### PROBLEM REQUIREMENTS
Repeat exactly the lines from the first line of the records through the line containing "SHERWOOD CODE TMP", and nothing more.

■ ■ ■ ■ ■ ■ ■

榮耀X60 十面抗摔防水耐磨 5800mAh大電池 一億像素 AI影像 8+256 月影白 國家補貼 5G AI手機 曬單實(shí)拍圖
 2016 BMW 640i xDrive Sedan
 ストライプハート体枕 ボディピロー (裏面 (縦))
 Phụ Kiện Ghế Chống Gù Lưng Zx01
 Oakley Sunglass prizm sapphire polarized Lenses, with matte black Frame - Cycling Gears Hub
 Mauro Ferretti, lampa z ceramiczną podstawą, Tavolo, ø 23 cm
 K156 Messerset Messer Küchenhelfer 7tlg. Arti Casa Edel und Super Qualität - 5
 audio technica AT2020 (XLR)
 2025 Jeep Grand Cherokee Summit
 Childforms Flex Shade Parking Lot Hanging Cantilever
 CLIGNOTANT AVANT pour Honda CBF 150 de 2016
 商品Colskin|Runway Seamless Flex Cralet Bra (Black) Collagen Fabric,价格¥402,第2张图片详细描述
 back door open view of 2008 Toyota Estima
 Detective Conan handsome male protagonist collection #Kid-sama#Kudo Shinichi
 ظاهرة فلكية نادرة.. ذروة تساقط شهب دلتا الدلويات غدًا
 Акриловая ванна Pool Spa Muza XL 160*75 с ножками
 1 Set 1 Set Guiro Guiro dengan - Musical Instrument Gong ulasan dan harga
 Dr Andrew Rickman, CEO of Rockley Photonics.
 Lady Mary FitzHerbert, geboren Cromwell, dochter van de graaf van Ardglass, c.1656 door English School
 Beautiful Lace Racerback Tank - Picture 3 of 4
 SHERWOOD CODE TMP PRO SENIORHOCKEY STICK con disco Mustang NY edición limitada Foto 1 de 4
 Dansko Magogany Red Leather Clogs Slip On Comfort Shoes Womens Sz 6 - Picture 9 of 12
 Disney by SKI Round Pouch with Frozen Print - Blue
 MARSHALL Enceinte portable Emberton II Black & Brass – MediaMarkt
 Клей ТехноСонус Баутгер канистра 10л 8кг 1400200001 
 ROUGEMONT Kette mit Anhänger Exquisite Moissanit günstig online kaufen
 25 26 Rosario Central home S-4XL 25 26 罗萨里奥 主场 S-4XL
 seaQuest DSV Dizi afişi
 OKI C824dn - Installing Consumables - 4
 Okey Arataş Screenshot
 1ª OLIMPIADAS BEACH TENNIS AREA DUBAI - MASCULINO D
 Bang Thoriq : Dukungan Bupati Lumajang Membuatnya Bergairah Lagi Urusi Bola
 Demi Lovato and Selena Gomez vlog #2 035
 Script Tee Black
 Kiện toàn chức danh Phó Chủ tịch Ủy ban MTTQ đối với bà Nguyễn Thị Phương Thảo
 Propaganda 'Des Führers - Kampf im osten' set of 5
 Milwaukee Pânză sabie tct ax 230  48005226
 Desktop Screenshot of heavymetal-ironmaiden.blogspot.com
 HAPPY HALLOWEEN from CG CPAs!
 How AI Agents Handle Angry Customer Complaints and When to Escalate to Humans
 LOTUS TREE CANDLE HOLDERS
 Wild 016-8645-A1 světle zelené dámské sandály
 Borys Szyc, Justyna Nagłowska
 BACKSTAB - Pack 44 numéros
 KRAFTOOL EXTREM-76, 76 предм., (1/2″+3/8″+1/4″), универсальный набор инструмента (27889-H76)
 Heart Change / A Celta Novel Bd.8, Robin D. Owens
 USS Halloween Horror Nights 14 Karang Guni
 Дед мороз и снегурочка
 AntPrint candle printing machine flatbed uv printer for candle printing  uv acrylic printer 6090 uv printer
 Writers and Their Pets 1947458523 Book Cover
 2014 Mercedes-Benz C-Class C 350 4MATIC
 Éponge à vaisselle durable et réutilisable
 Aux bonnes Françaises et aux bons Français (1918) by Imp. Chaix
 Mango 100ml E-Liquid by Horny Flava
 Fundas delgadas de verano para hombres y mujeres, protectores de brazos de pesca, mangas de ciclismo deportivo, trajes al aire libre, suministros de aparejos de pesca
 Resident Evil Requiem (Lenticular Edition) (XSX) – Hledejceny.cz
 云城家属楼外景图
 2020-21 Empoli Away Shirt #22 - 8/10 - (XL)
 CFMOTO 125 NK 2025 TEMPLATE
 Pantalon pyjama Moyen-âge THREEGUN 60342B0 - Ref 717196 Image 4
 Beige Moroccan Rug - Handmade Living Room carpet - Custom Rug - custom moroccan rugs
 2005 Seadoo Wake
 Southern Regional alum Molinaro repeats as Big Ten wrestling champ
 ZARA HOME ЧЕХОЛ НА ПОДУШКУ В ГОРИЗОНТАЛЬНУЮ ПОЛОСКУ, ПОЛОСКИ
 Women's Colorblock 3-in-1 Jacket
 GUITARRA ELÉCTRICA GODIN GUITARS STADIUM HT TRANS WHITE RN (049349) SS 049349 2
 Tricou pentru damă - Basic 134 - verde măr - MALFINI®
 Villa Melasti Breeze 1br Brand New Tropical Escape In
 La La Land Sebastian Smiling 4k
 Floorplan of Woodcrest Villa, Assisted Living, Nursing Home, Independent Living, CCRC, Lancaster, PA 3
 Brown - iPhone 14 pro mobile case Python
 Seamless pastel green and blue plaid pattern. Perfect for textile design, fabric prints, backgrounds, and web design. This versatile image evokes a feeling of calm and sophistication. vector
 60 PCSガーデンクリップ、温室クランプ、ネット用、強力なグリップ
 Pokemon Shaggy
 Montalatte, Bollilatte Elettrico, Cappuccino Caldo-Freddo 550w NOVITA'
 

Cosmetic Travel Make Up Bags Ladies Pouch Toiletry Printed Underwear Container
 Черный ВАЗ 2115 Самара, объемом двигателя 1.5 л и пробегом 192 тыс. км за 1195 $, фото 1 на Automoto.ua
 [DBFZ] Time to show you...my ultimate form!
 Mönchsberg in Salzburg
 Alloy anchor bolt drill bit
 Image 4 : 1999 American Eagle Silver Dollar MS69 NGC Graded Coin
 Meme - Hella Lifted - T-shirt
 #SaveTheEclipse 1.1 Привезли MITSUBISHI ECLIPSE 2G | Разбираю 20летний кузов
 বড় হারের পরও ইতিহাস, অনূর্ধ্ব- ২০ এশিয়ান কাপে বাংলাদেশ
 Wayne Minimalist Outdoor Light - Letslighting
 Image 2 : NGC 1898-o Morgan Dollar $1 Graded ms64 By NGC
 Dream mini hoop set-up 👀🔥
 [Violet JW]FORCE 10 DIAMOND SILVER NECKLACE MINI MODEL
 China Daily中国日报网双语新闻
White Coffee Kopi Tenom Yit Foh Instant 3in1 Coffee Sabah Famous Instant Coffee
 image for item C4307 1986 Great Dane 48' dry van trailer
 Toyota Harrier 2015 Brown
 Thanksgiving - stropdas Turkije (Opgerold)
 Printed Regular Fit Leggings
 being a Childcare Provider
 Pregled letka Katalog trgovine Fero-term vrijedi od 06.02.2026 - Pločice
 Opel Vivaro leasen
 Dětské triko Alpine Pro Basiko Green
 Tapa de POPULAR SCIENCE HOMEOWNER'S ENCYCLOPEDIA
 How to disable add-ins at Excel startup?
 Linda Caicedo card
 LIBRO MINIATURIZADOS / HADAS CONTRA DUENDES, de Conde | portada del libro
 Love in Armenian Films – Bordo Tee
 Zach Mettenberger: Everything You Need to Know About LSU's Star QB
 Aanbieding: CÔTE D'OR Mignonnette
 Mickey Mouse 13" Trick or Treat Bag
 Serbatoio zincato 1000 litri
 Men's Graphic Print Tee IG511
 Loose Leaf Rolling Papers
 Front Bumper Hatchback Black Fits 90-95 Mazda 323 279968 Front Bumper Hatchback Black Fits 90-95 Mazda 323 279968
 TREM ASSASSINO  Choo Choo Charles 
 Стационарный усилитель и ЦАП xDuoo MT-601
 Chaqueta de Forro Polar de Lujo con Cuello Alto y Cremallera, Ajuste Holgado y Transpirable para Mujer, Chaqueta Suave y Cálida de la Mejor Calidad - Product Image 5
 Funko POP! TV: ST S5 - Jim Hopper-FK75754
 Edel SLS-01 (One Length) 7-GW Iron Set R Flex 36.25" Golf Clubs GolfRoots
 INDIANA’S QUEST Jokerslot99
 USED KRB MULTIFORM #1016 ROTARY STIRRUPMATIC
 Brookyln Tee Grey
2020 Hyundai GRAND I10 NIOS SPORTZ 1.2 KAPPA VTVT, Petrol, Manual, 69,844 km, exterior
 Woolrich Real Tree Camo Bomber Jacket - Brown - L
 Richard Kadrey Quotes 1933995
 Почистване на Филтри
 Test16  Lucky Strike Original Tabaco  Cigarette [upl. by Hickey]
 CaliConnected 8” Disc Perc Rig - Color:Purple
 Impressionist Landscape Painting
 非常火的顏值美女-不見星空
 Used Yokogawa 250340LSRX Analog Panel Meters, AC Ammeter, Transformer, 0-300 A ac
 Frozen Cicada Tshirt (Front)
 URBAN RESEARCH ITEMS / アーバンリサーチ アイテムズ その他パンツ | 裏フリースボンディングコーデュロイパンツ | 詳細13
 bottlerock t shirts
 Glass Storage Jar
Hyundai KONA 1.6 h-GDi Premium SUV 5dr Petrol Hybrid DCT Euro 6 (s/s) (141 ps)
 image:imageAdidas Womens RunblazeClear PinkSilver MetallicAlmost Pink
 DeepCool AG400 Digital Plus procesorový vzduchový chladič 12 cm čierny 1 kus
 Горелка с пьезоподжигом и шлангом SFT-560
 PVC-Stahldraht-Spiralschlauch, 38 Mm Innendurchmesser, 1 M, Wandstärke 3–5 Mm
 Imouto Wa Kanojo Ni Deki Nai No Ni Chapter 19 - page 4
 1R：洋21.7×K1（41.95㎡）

■ ■ ■ ■ ■ ■ ■

### SOLUTION TO THE PROBLEM
榮耀X60 十面抗摔防水耐磨 5800mAh大電池 一億像素 AI影像 8+256 月影白 國家補貼 5G AI手機 曬單實(shí)拍圖
 2016 BMW 640i xDrive Sedan
 ストライプハート体枕 ボディピロー (裏面 (縦))
 Phụ Kiện Ghế Chống Gù Lưng Zx01
 Oakley Sunglass prizm sapphire polarized Lenses, with matte black Frame - Cycling Gears Hub
 Mauro Ferretti, lampa z ceramiczną podstawą, Tavolo, ø 23 cm
 K156 Messerset Messer Küchenhelfer 7tlg. Arti Casa Edel und Super Qualität - 5
 audio technica AT2020 (XLR)
 2025 Jeep Grand Cherokee Summit
 Childforms Flex Shade Parking Lot Hanging Cantilever
 CLIGNOTANT AVANT pour Honda CBF 150 de 2016
 商品Colskin|Runway Seamless Flex Cralet Bra (Black) Collagen Fabric,价格¥402,第2张图片详细描述
 back door open view of 2008 Toyota Estima
 Detective Conan handsome male protagonist collection #Kid-sama#Kudo Shinichi
 ظاهرة فلكية نادرة.. ذروة تساقط شهب دلتا الدلويات غدًا
 Акриловая ванна Pool Spa Muza XL 160*75 с ножками
 1 Set 1 Set Guiro Guiro dengan - Musical Instrument Gong ulasan dan harga
 Dr Andrew Rickman, CEO of Rockley Photonics.
 Lady Mary FitzHerbert, geboren Cromwell, dochter van de graaf van Ardglass, c.1656 door English School
 Beautiful Lace Racerback Tank - Picture 3 of 4
 SHERWOOD CODE TMP PRO SENIORHOCKEY STICK con disco Mustang NY edición limitada Foto 1 de 4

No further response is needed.